Excerpted records Block Start

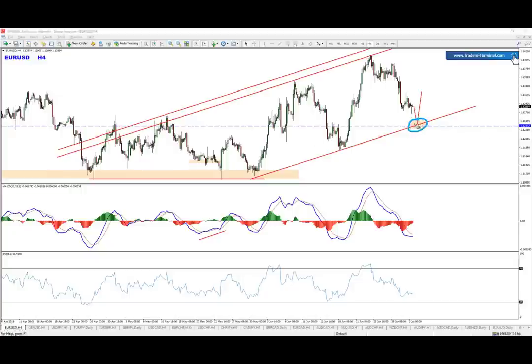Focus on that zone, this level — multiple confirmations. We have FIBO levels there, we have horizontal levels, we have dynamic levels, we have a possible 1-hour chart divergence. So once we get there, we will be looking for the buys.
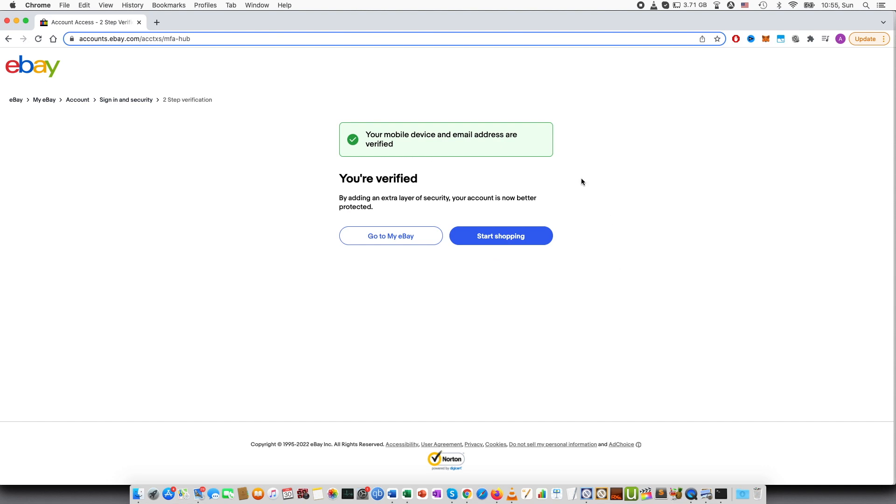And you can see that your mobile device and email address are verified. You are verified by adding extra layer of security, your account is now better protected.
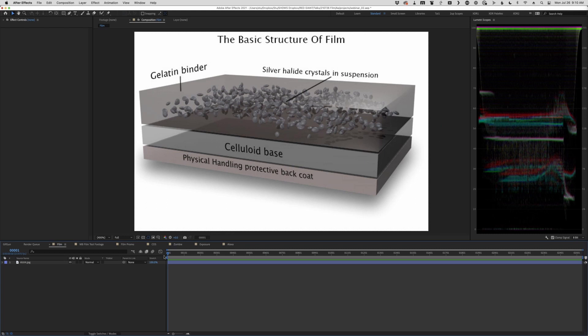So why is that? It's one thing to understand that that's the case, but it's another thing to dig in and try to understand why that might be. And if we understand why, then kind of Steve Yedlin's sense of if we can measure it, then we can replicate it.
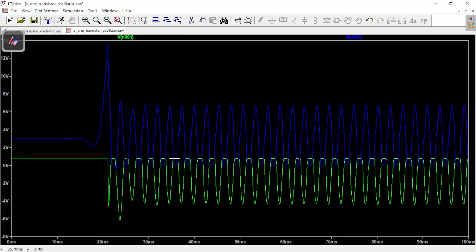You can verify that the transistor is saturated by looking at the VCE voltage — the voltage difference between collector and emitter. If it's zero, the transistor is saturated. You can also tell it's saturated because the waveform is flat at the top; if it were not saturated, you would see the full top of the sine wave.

Excerpted records Block End
Excerpted records Block Start

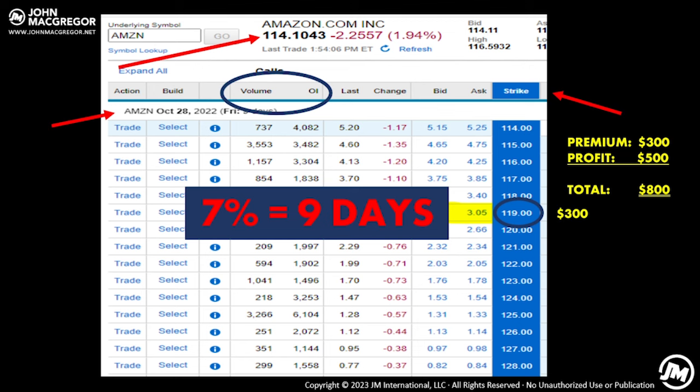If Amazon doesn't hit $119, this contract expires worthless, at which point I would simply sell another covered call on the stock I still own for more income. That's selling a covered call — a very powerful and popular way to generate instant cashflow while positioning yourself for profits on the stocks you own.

Excerpted records Block End
Excerpted records Block Start

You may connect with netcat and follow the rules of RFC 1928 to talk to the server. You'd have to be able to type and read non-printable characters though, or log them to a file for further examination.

Excerpted records Block End

* **Action item**
Reproduce, word for word, everything in the listing above from the line containing "Focus on that" down to the line containing "You can verify", both of them included. No pictures.

* **Your response**
Focus on that zone, this level — multiple confirmations. We have FIBO levels there, we have horizontal levels, we have dynamic levels, we have a possible 1-hour chart divergence. So once we get there, we will be looking for the buys.
And you can see that your mobile device and email address are verified. You are verified by adding extra layer of security, your account is now better protected.
So why is that? It's one thing to understand that that's the case, but it's another thing to dig in and try to understand why that might be. And if we understand why, then kind of Steve Yedlin's sense of if we can measure it, then we can replicate it.
You can verify that the transistor is saturated by looking at the VCE voltage — the voltage difference between collector and emitter. If it's zero, the transistor is saturated. You can also tell it's saturated because the waveform is flat at the top; if it were not saturated, you would see the full top of the sine wave.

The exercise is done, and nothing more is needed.